Another day mainly travelling moving ever southward. We spend
most of the day on the road, going past soft green hills and pasture.
It’s very apparent that we have left the wilderness behind us and are
back where people graze.
The hay bales and wheat fields are thinning now too – we now see
green crops more often than not, and fields left fallow, full of native
grasses.
We end the day at a village called Melrose. It’s one of the gorgeous
stone villages, very attuned to tourism and has a full suite of fine
dining restaurants and cafes. Also full of flowers as the corner and
window sills are filled to overflowing with colourful summer annuals.
At the base of the village lies Melrose Abbey, with some 900 years
of history. Now in ruins, the Abbey was home to an order of monks
and lay brothers who eschewed the pomp and finery of traditional
churches and orders. They instead lived a life of silence, building an
order and church stripped of finery and adornment. It’s still beautiful
though, as the order became successful, the Abbey was decorated
with very fine masonry work in local stone.
Their success came from sheep farming, and ironically, from their
prayers. Apparently in those days if you got the guilts about all the
conquering, killing and pillaging you were up to as king or nobility,
you could pay the monks to say prayers for your soul in perpetuity.
In between being sheep farmers (the largest in Europe at one stage)
and being paid to save everyone’s soul, they couldn’t help but
become one of the richest orders…ironic, as they had set the order
up to get way from the wealth of the Church. Born business men, it
seems.
The ruins are presently under scaffold as Heritage Scotland tries to
save what’s left.
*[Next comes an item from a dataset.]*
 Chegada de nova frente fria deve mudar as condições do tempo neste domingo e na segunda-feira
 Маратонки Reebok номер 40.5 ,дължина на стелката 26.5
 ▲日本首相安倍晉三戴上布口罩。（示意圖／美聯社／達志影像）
There is apparently a pig playing bagpipes in one
spot, that’s quite famous, but we can’t spot him. Probably hiding
under the scaffold. Or he’s off to a music meet. It’s possible. He’s
obviously a clever pig if he can play bagpipes in the first place.
The Abbey was supported by gardens where they grew all their
food. It’s late and we’ll see these tomorrow.
We take a walk instead through the Priory, leading out to pasture
land and the local hills. Gorgeous. Wild blackberries burst out of
every crevice. They’re a few weeks off being fully ripe, but the odd
one is temptingly ready. Yum. Have loved the summer berries and
fruits here and will very much miss them when we are home.